Less lyrically, more prosaically, the place has an interesting history. Mill Falls gets its name from the time when Mr Zwicker used a portable mill to harness the energy of the waterfall in the 19th century. There is still a Zwicker company in Lunenberg operating from the waterfront. The Mi’kmaw people have been connected with the area for thousands of years. Kejimkujik is the first National Park of Canada to be officially designated as a National Historic Site because it is a cultural landscape of the Mi-kmaw nation. Over the centuries, these people have engraved over 500 petroglyphs (pictures and script carved in stone) in the glacially polished slate outcrops along the lake shores.
However, the oldest history of all belongs to the rocks themselves. They are meta-sedimentary and belong to the Halifax Formation [see the earlier post Rip-rap and rusty rocks in Halifax, N.S.]. They started out as fine silts being deposited on the continental shelf offshore of the coast of Africa 500 million years ago. This was when Africa was part of Gondwanaland and located around the South Pole. As the North American continent drifted towards and collided with Gondwanaland to form Pangea, 380 million years ago, the heat and pressures of the collision converted the silts to slate.

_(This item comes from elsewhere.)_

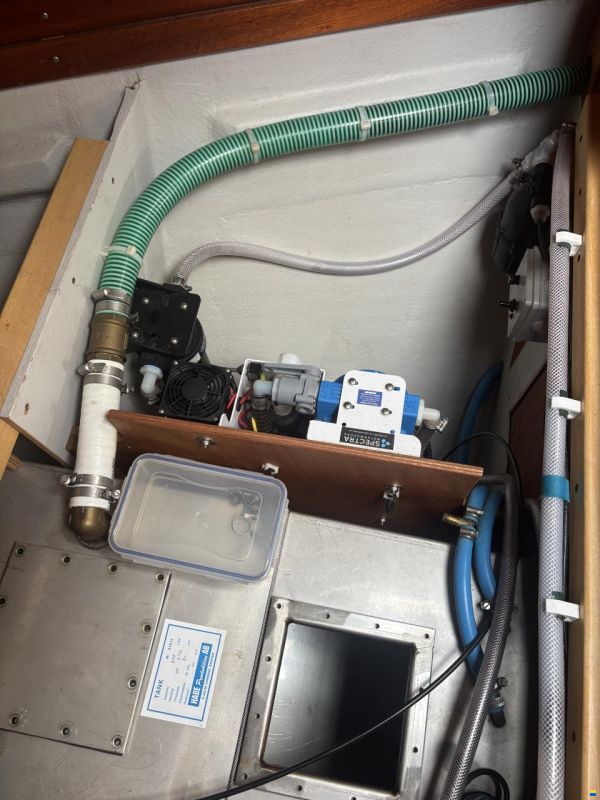 Hallberg-Rassy HR34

Then, when the North American continent separated once more, along with all the other continents that we recognise today, it drifted to its current location north of the Equator. In doing so, the slate was ripped apart, so that North America carried with it a portion of that African slate which now can be found here in Nova Scotia, leaving the rest of the formation on the coast of Africa.
COPYRIGHT JESSICA WINDER 2013
All rights reserved
Thanks so much for sharing your marvelous scenes and their geological background. Glad your camera survived.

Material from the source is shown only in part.